## MATERIAL FOR THE TASK
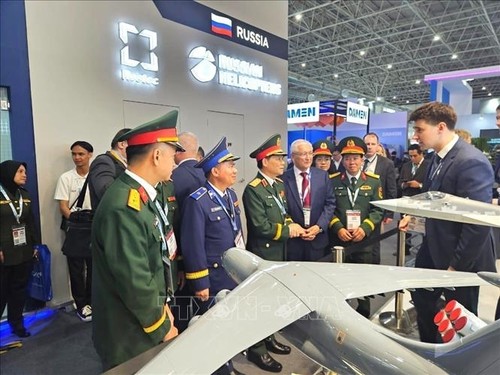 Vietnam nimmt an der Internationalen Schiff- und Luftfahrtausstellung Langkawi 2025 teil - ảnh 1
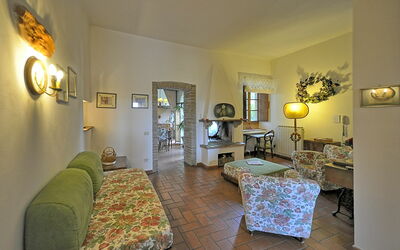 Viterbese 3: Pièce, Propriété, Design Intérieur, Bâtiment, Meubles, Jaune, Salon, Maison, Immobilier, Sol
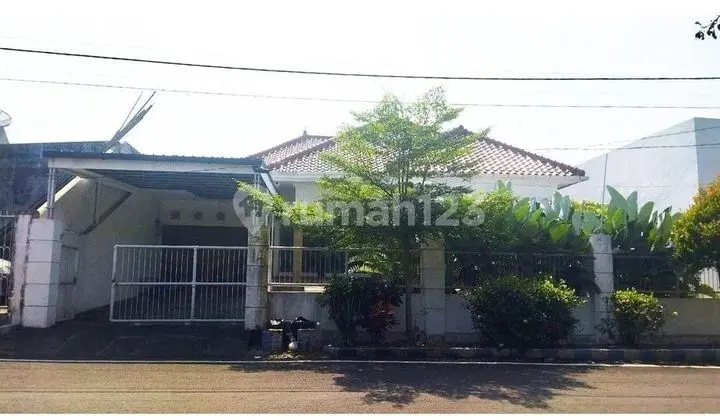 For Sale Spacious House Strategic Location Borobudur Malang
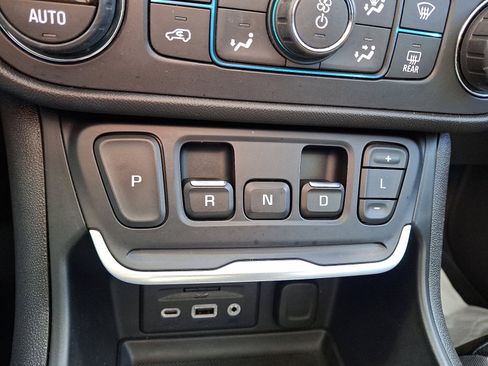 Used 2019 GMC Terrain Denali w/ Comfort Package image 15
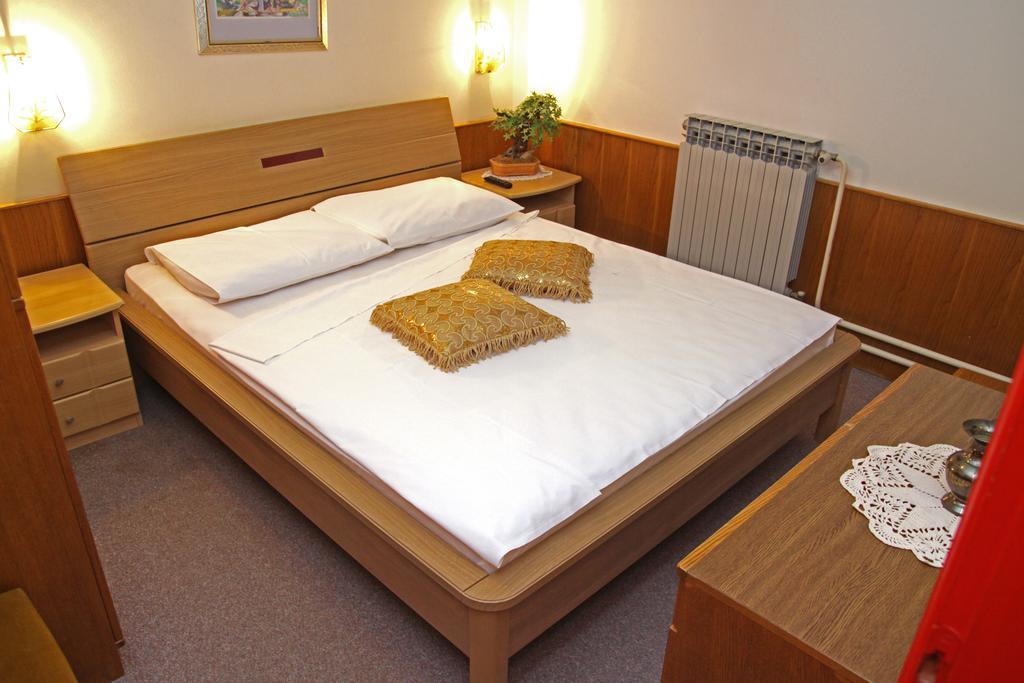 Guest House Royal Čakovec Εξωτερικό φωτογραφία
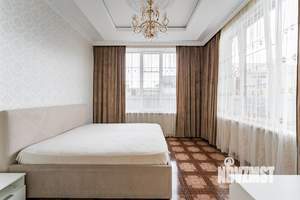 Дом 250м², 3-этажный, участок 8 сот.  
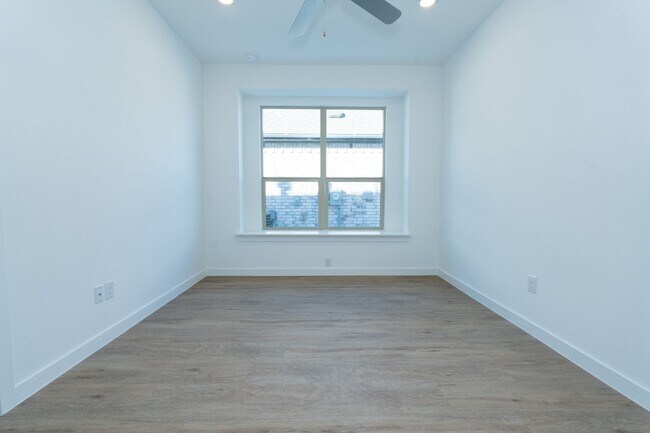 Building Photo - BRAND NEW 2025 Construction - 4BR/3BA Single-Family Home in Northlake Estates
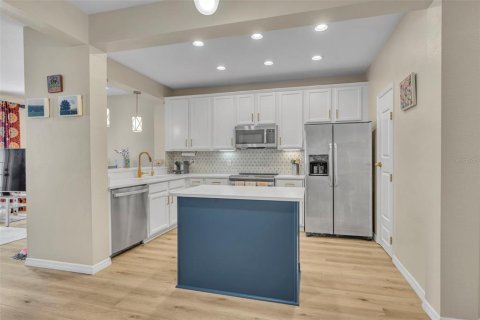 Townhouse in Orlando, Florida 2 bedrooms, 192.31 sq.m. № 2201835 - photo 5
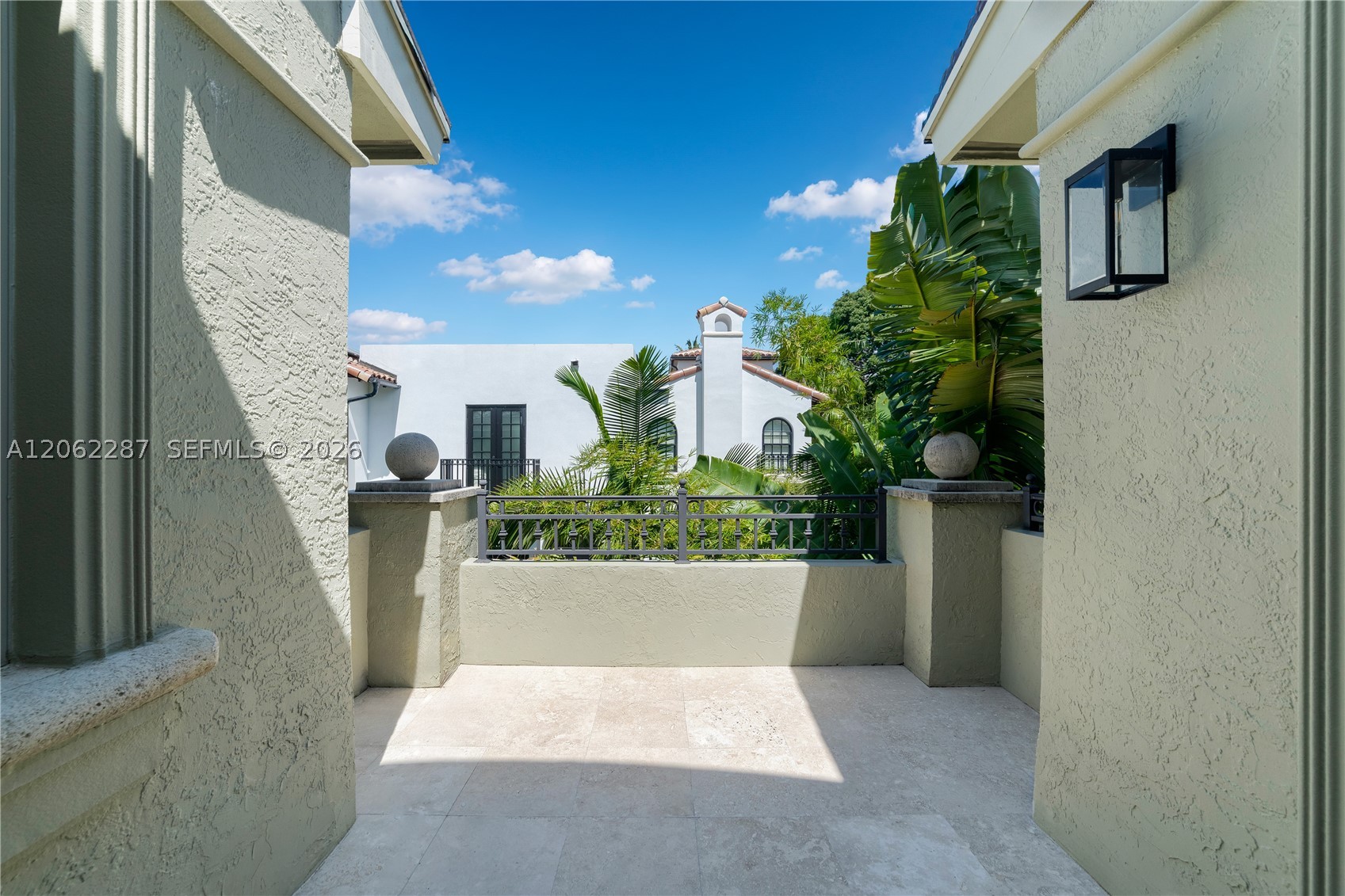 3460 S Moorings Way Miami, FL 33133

## YOUR GOAL
Nothing but the lines from the start of the records above through the line with "Guest House Royal" should be retyped, each exactly as written; leave out all pictures.

## EXERCISE RESULT
 Vietnam nimmt an der Internationalen Schiff- und Luftfahrtausstellung Langkawi 2025 teil - ảnh 1
 Viterbese 3: Pièce, Propriété, Design Intérieur, Bâtiment, Meubles, Jaune, Salon, Maison, Immobilier, Sol
 For Sale Spacious House Strategic Location Borobudur Malang
 Used 2019 GMC Terrain Denali w/ Comfort Package image 15
 Guest House Royal Čakovec Εξωτερικό φωτογραφία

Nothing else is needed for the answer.